I turned the corner a couple of days ago and suddenly am longing to read, write, paint, to do everything and to get out. That is the difficult part actually because I must not overdo it. I must reign myself in. It's a bit of a surprise that I am doing okay at this moment because in the past week I have been through a challenging and emotionally difficult experience which I was not sure I was going to be able to write about. In the end, writing is always a very good way for me to relieve the burden of emotions and while I am not one for airing the dirty laundry, this bit of news has to be shared. It has to be shared because it involves Sophie.
Rest assured, Sophie is alive and well. But she is no longer living with me. I shared stories and pictures of her on this blog and I believe, I hope, it is obvious that I love her. She is a complicated character though and what I didn't share was her violent side. Yes, I did just use the word violent. Sophie spent the first two years of her life growing up with a puppy. It is another difficult story but suffice it to say the dog is no longer my companion either. I thought I was cured, that I no longer had M.E. and I wanted a dog. It went well for the first year. That's a long story and I will cut it short but the point is that I chose Sophie because she displayed a very boisterous personality and I thought she would do well with a dog. She sure did. She loved to play with Lucy and they chased, wrestled, hid, pounced, attacked, and bathed each other. Sophie did most of this and Lucy just sort of lumped around and enjoyed it. It has been nearly a couple of years since Lucy lived with us and Sophie has been without her playing companion.
I thought this would be okay. Cats, after all, usually outgrow play to some degree and Sophie proved skilled at amusing herself. But in time it became obvious that she is the border collie of cats. She is intelligent and very active. She gets bored and when she is bored things get destroyed. She wants to play for hours and expects human participation. One of her favourite games is fetch. When Sophie wanted me to play with her, which was nearly constantly, she attacked me the same way she used to attacked Lucy. Lucy loved it. Lucy had thick skin and fur so hardly felt it and after the roughhousing Sophie would wash Lucy's face. I tried many tactics to train Sophie, to redirect her energy and to give her alternative things to bite. I researched online what to do but nothing worked. I tried to put up with being scratched and bitten. I excused it and focused on her sweet side. Sophie's frustration at being bored was increasing over the past year and she would often bite the sofa or a pillow with the most intense ferocity. She knew she was not supposed to do this. In fact she would stop if I said 'no' but stop only for a minute and then possibly attack me if the sofa was not an option. Eventually she began to get sneakier. She would sneak up on me and attack so that I had to be on guard all the time she was awake.

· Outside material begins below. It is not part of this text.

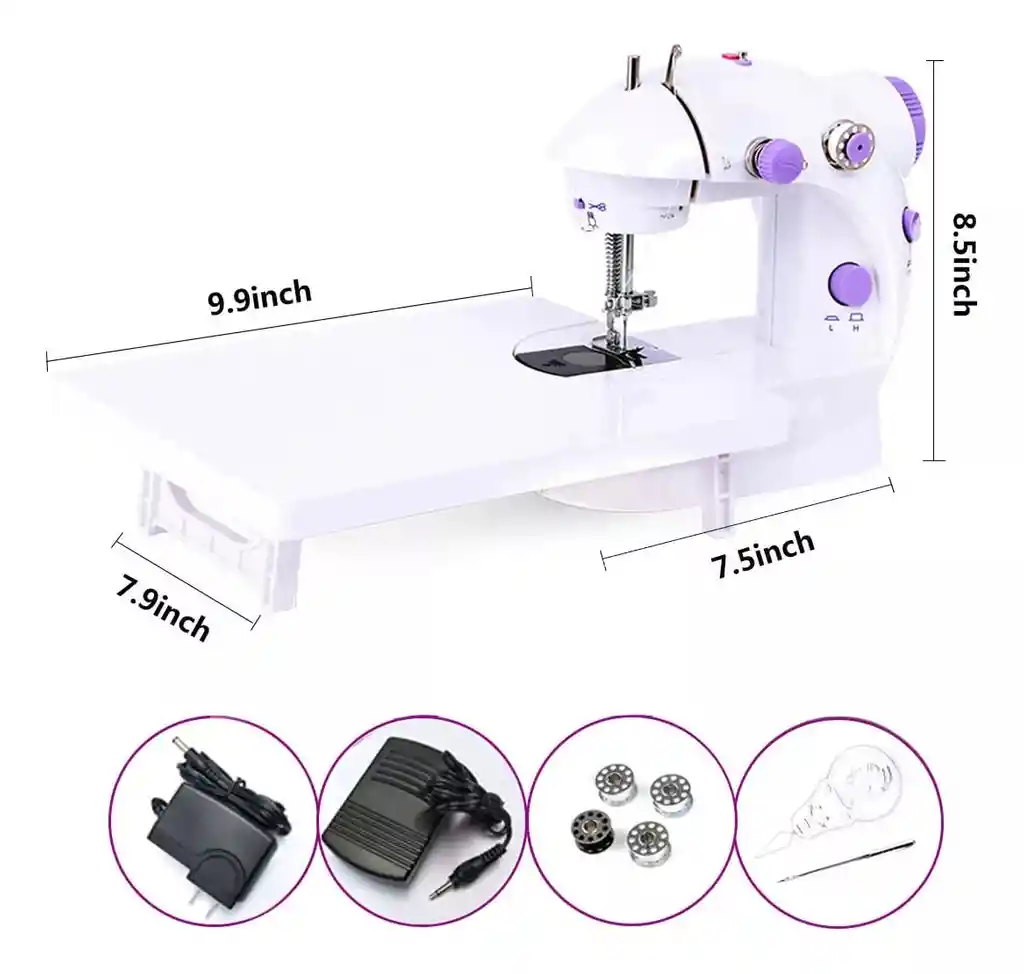 Mini Máquina De Coser Con Mesa Con Extensión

I find it difficult to admit to her dark side. I do not think it her fault, but rather that she is a cat not meant to be an indoor cat. She needs physical and mental stimulation and I could not give her the life she needed. Last week she bit my arm so hard, sinking her teeth in, that I looked like I had been attacked by a vampire. That was when I made the difficult decision to give her up. I did not know anyone who could take her (unlike Lucy for whom I found a wonderful and better home) so it had to be the SPCA. I was not physically able to cope with this myself, being so exhausted, so Mum helped. Although they said they could take her, it was four days later that they actually had physical room for Sophie so it was yesterday that she went. I miss her. I am, of course, experiencing guilt along with the sadness.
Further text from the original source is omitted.